Ordinarily, the plaintiff bears the burden of proving a lack of fair consideration but where, as here, "the facts regarding the nature of the consideration are within the transferee's control, the burden of proving the fairness of consideration shifts to the transferee." Ackerman v. Ventimiglia (In re Ventimiglia) , 362 B.R. 71 (Bankr. E.D.N.Y. 2007).
The Trustee also argues that the conveyances were constructively fraudulent under Bankruptcy Code § 548. Under that provision, a trustee may avoid a transfer made by the debtor within two years of the filing of the petition if the debtor did not receive "reasonably equivalent value" in the exchange. 11 U.S.C. § 548(a)(1)(b). The Bankruptcy Code defines the term "value" as "property, or satisfaction or securing of a present or antecedent debt of the debtor, but does not include an unperformed promise to furnish support to the debtor or to a relative of the debtor." 11 U.S.C.A. § 548(d)(2)(A). The Bankruptcy Code does not define the term "reasonably equivalent value." In re Gonzalez , 342 B.R. 165, 169 (Bankr. S.D.N.Y. 2006). Courts have found that the term does not require the exchange to be "mathematically equal" but "[p]urely emotional benefits, such as love and affection" will not suffice. Id. at 169, 173. Both direct and indirect benefits flowing to the debtor may be considered. In re Akanmu , 502 B.R. 124, 130–31 (Bankr. E.D.N.Y. 2013) (quoting Liquidation Trust v. Daimler AG (In re Old CarCo LLC) , No. 11 Civ. 5039(DLC), 2011 WL 5865193, at *7 (S.D.N.Y. Nov. 22, 2011) ). "Fair consideration" under the NYDCL and "reasonably equivalent value" under section 548(a)(1)(B)(i) have substantially the same meaning. Id. (citing Picard v. Madoff (In re Bernard L. Madoff Inv. Sec. LLC) , 458 B.R. 87, 110 (Bankr.S.D.N.Y.2011) ).
Both section 548 of the Bankruptcy Code and the NYDCL require that the trustee establish that the Debtors were insolvent when the transfers were made. Whether the Debtors were insolvent at the times of the transfers remains unresolved.
III. DISCUSSION
The conveyances in this case must be broken down into three categories: (A) transfers made for education-related expenses to or for the benefit of both daughters after they reached the age of majority so that they could attend Oberlin College, (B) transfers made for education-related expenses to or for the benefit of Samantha when she was a minor, and (C) transfers to Alexandra after she graduated from college. Summary judgment should be granted to the Trustee with respect to categories (A) and (C) and denied with respect to category (B). Summary judgment should be denied to Alexandra and Samantha with respect to category (A) and (C) and granted to Samantha with respect to category (B).
All the challenged transfers to or for the benefit of Alexandra were made after reached the age of majority (21) and after she graduated from college in 2009, and while she was working and "financially independent." It is unclear how these transfers after Alexandra graduated were made so that Alexandra could attend Oberlin College from which she had already graduated. In any event, as explained below, the Court concludes that the Debtors did not receive reasonably equivalent value for transfers made to or for the benefit of Alexandra or Samantha after they reached the age of 21.

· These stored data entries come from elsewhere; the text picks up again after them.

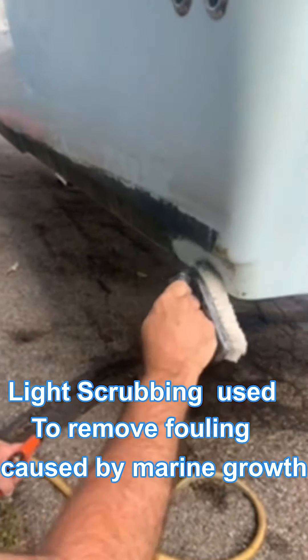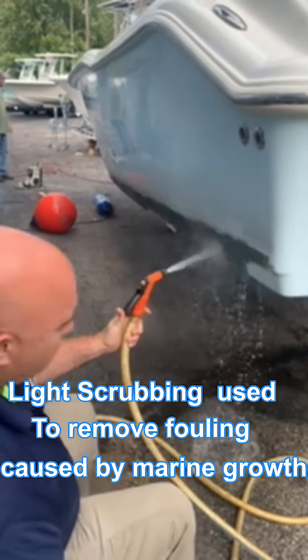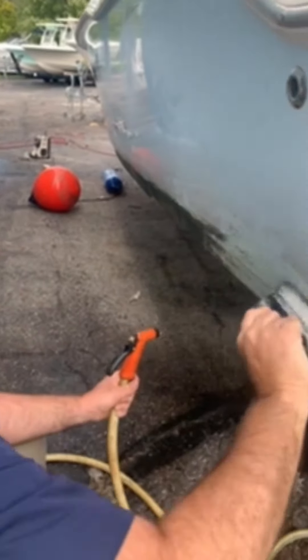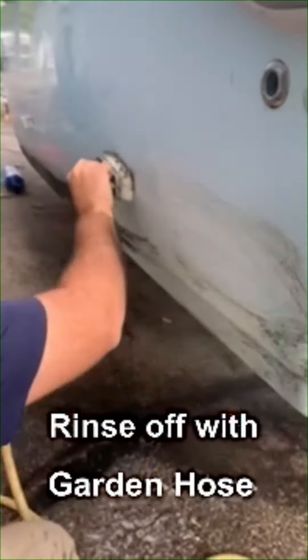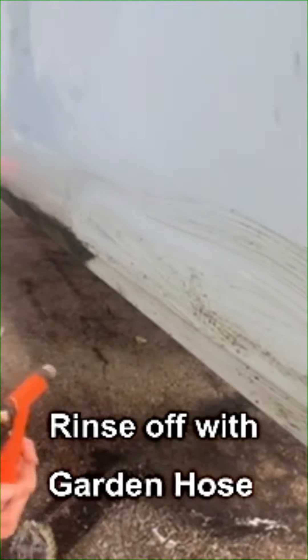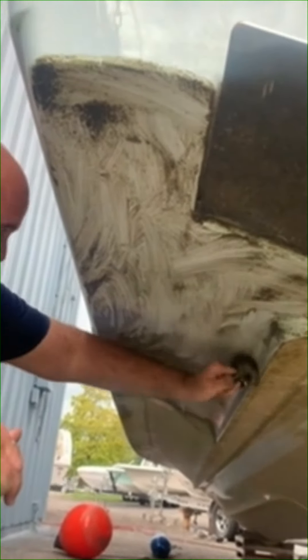As you can see, virtually no effort. Scrubbing. Really no pressure. Let's go through. This is no effort.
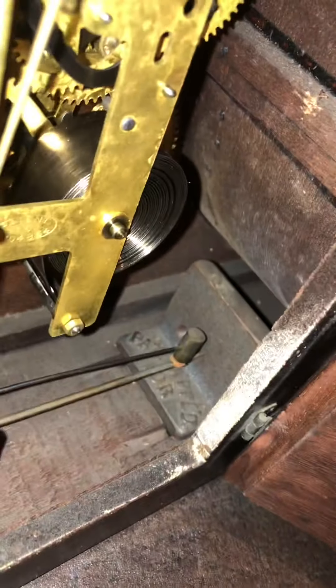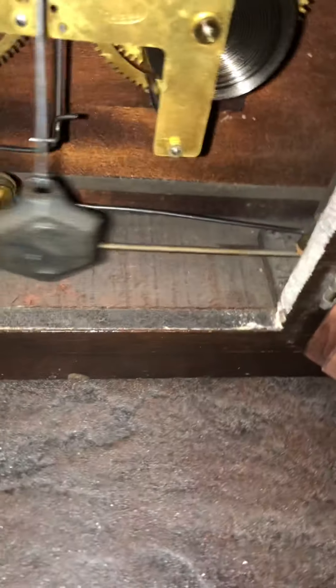These are things on one rod. On that chime block there's a second hole. I think this used to be a Bim Bam clock, but Sessions just stripped out that second chime rod and left this one in. You can kind of see where the Bim Bam would be — this would be the Bim, and the Bam would be over there.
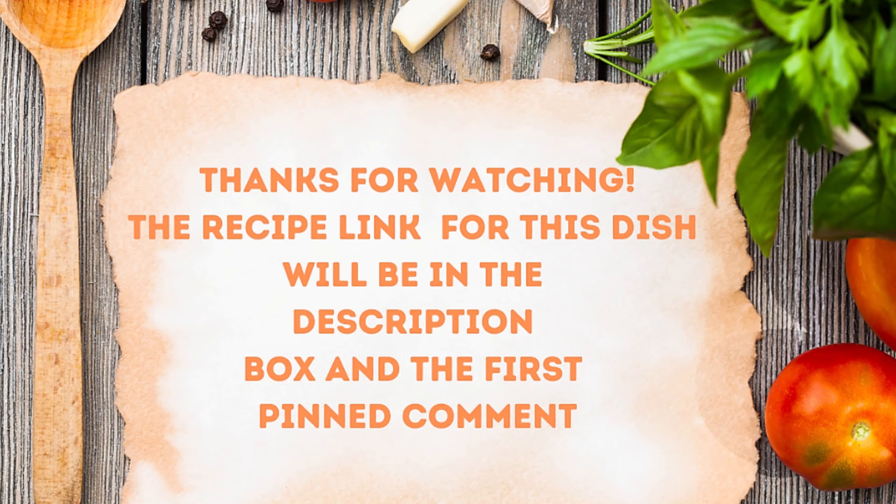Don't forget that recipe is down in the description box and the first pinned comment — creamy lentils with mushrooms and kale. Serve it over polenta. Take care of yourselves. We'll see you next time.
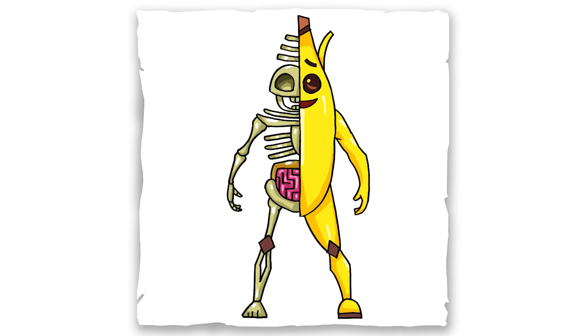And that is it for this skin. Hope you guys like the way it turned out. And if you do, please do give me a thumbs up. Subscribe if you haven't, and I will see you next time.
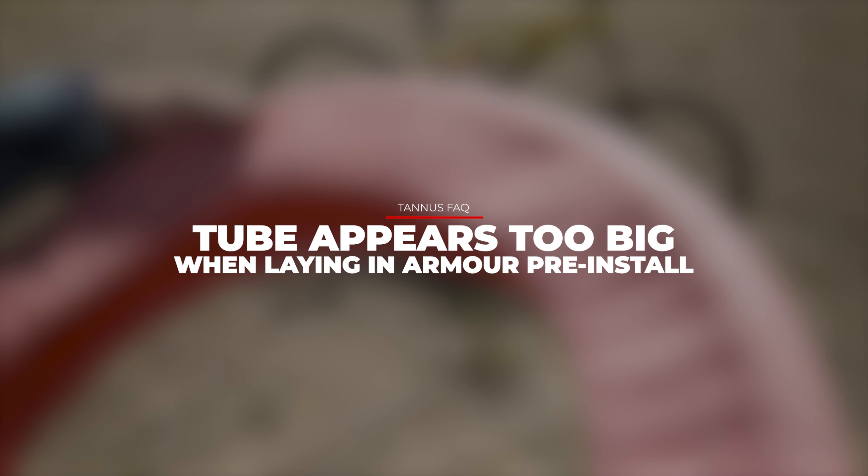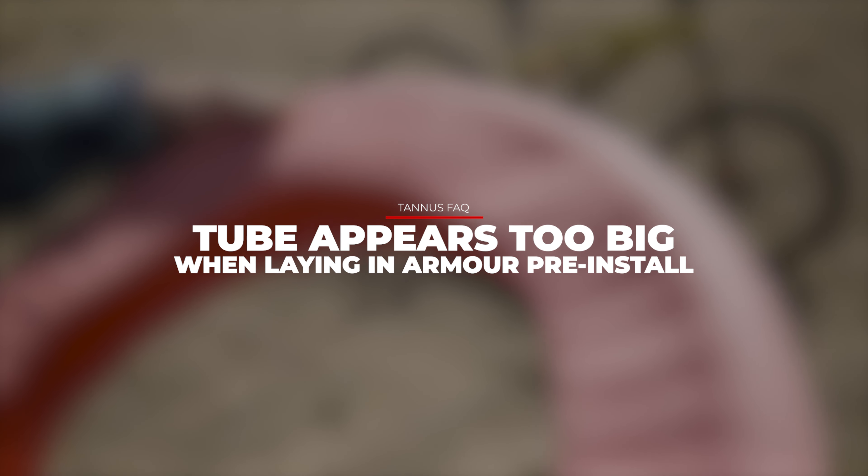Why does your tube appear too big when lying in the insert before installation? Tannis Armor inserts are molded to fit specific tire sizes. The insert consists of a high density foam that can stretch and adapt to the tire size once inflated.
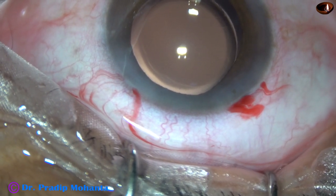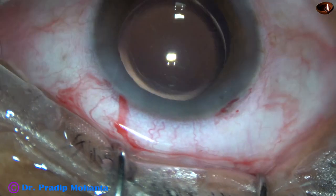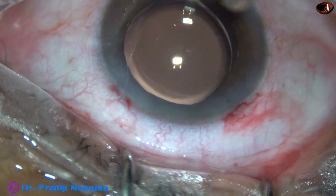Integrity of all the wounds are checked — there should not be any leakage from any wound. Then, a few drops of moxifloxacin is applied over the ocular surface, and the case is concluded.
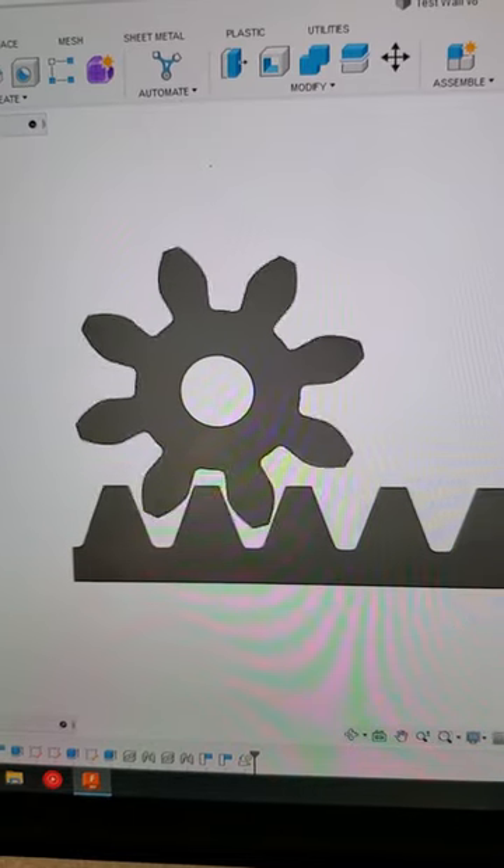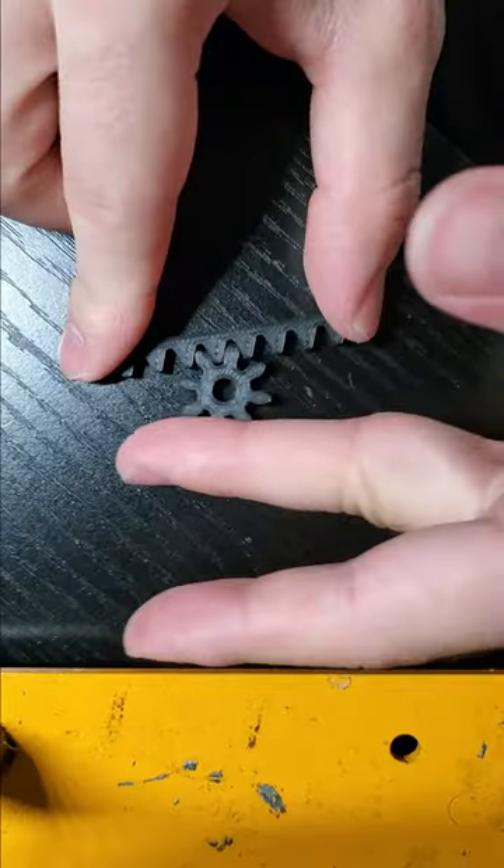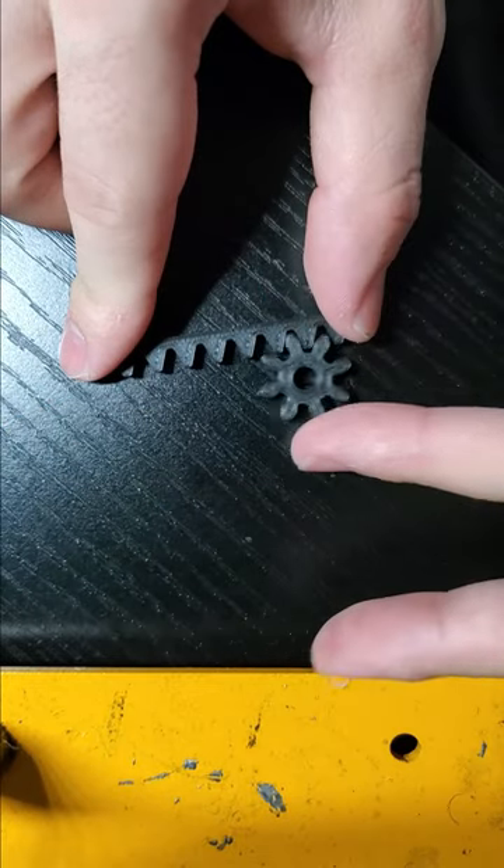I decided that the first thing I would do before 3D modeling the whole thing was to design a pinion and a rack and 3D print it. Luckily everything fit perfectly — well, that was actually not luck, that's because I'm a genius.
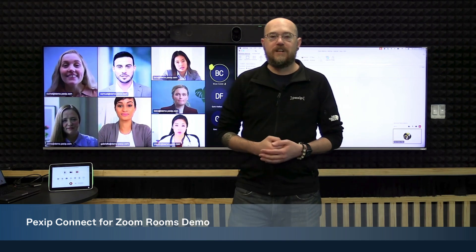Hopefully, with this demonstration, it will show how this offering provides an enhanced experience for Zoom rooms joining into Teams meetings using the Pexip Teams-like layout.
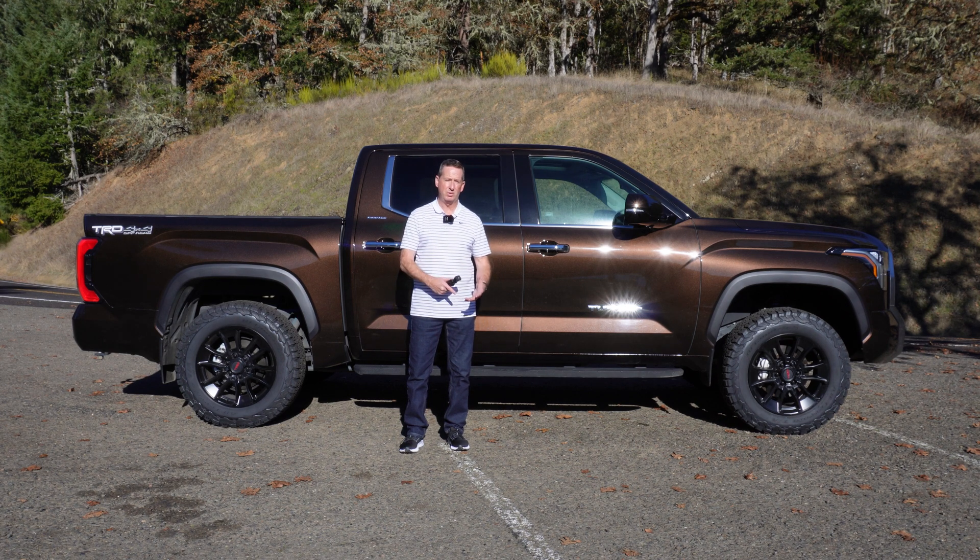I want to give you a quick inventory update. We just got our last round of allocations in last week, and we saw more hard-to-get vehicles in this round. We didn't see any 1794 Edition — that still seems to be really hard to get — but we did get a lot more hybrid models, more Limited and Platinum on the regular gas version, and some hard-to-find features like rear air ride suspension and panoramic sunroof. Those are the trucks people are looking for, so as potential customers waiting on a truck, that's something you want to know.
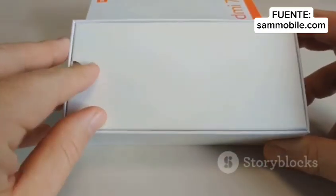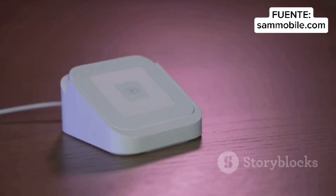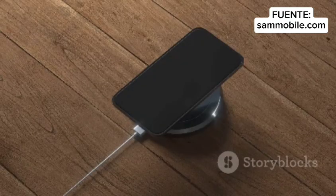If your charging routine looks like a tangled mess, you need the Samsung WWAT420. Introducing the ultimate 3-in-1 wireless charging solution. The WWAT420 simplifies your life by powering up your Qi 2-compatible Galaxy S25, Galaxy Watch, and Galaxy Buds, all at once.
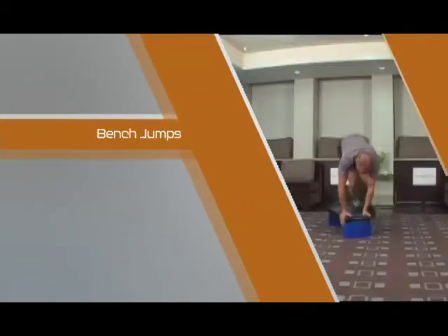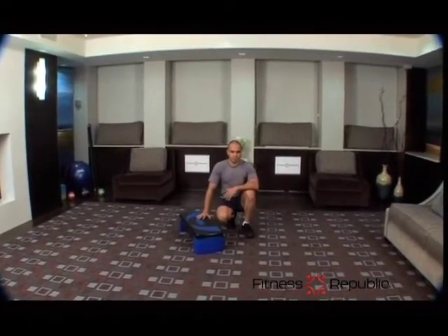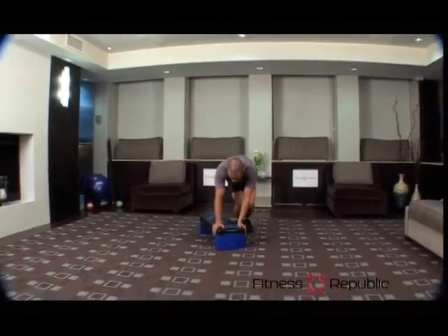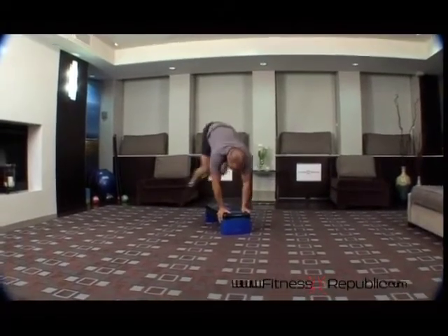Bench Jumps. Using a workout bench or a chair, bend over and place both hands on the seat or surface of the bench. Bend your knees and jump over the bench to the other side. Then quickly jump back to the starting side.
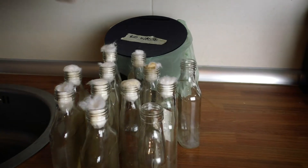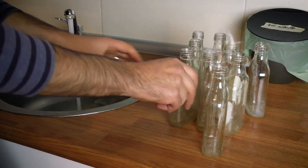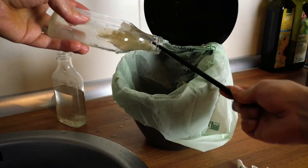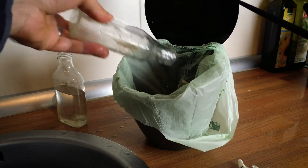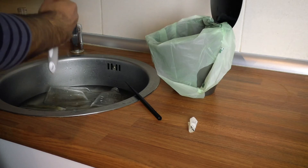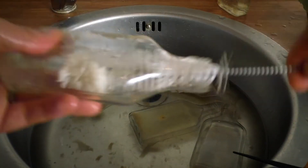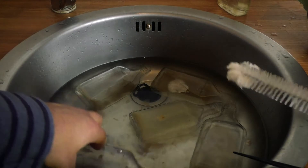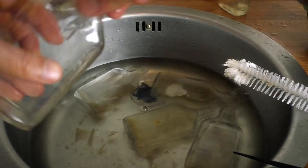Cleaning the bottles is basically a process of getting out the old agar. Soak them in water and then I use a chopstick to jam in there and move about, and often the whole agar piece just comes out in one piece. It can go straight into the organic recycling, and then any bits that are tougher and stuck on the bottle I get out using a bottle cleaner pipe cleaner thing. Bear in mind that the bottles don't have to be perfectly clean because you're going to sterilize them anyway — you want to get the pieces of agar and mycelium out but you don't have to get them perfect.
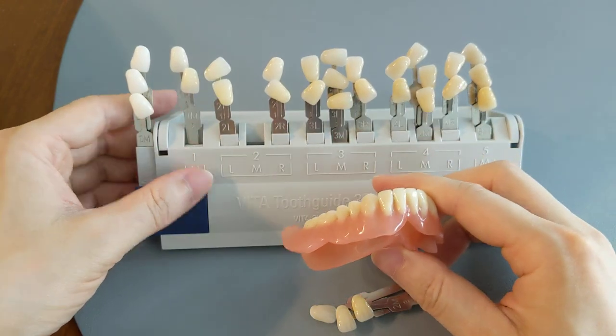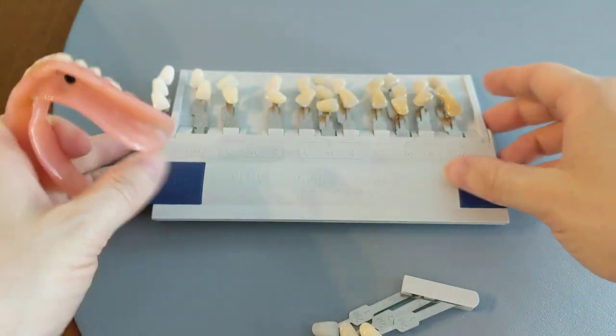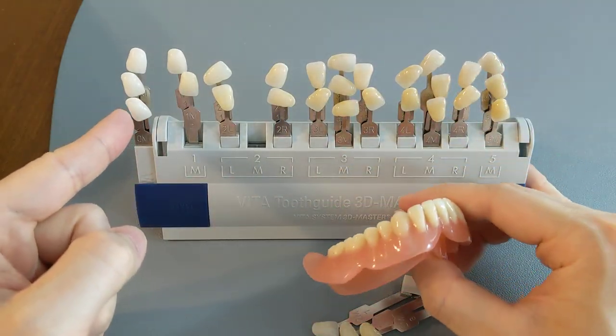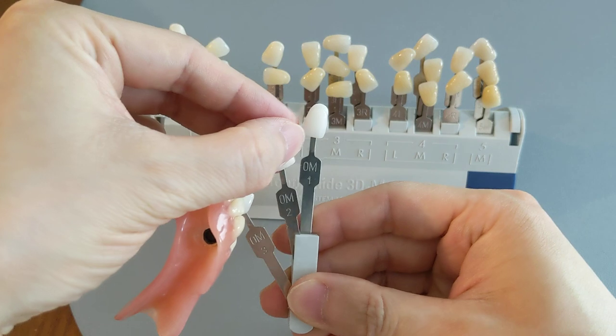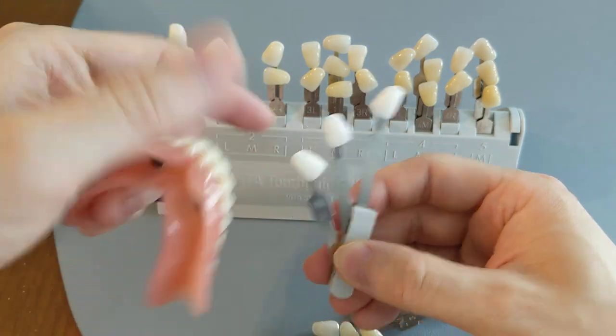So we're going to compare them to the bleach shades. All the colors from this side to there are the normal ones, and the bleach ones are the super blazingly white ones at the end here. It goes from 0M3, 0M2, and 0M1 — the one is the lightest and the three is the darkest.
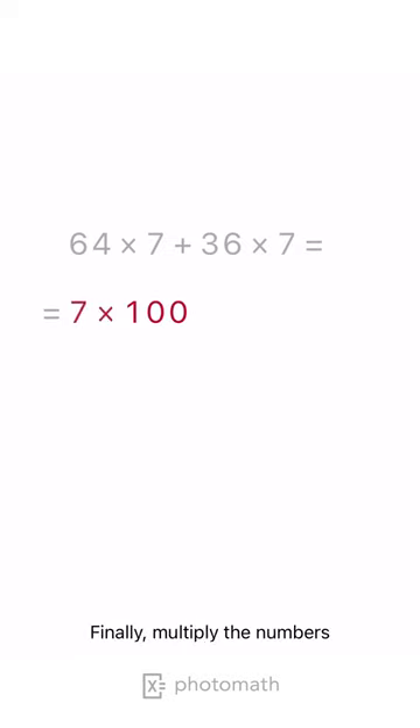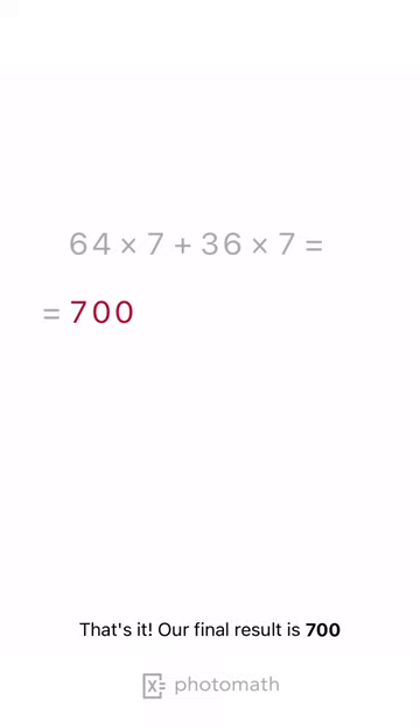Finally, multiply the numbers. That's it. Our final result is 700.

The Complaint also seeks to recover $700 in cash gifts to Alexandra and Samantha. The Stipulated Facts do not provide any details about those gifts. Nothing in this Opinion addresses the issues concerning the cash gifts.
A. The Education Related Transfers Made after the Defendants Reached the Age of Majority
There is a developing body of law regarding whether college tuition payments made by parents for the education of their children after they reach the age of majority are constructively fraudulent. The Trustee points to several decisions where courts held that pre-petition college tuition payments are avoidable because the debtor parents did not receive reasonably equivalent value in exchange for the tuition payments. See Boscarino v. Bd. of Trs. of Conn. State Univ. Sys. (In re Knight ), 2017 WL 4410455 (Bankr. D. Conn. 2017) ; Roach v. Skidmore Coll. (Matter of Dunston), 566 B.R. 624, 636-37 (Bankr. S.D. Ga. 2017) ; Gold v. Marquette Univ. (In re Leonard) , 454 B.R. 444 (Bankr. E.D. Mich. 2011) ; Lindsay , 2010 WL 1780065. The Defendants counter by pointing to case law holding that parents did receive reasonably equivalent value in exchange for college tuition payments. See Lewis v. Penn. St. Univ. (In re Lewis) , 574 B.R. 536, 541 (Bankr. E.D. Pa. 2017) ; DeGiacomo v. Sacred Heart Univ., Inc. (In re Palladino) , 556 B.R. 10, 16 (Bankr. D. Mass. 2016) ; Trizechahn Gateway, LLC v. Oberdick (In re Oberdick) , 490 B.R. 687, 712 (Bankr. W. D. Pa. 2013) ; Sikirica v. Cohen (In re Cohen) , 2012 WL 5360956, at *10 (Bankr. W. D. Pa. 2012). Whether insolvent parents receive reasonably equivalent value for college tuition payments made for the benefit of their adult children is a culturally and socially charged issue. With the greatest respect for the courts that have found reasonably equivalent value for such tuition payments, the Court is constrained by the language of the Bankruptcy Code and the NYDCL—those statutes define the terms "value" and "fair consideration" to require either the transfer of property or the satisfaction of an antecedent debt in return for an insolvent debtor's payments. 11 U.S.C.A. § 548(d)(2)(A) ; NYDCL § 272. The Debtors received neither in this case with respect to transfers made to or for the benefit of Alexandra and Samantha after they reached the age of majority—21 years old in New York State.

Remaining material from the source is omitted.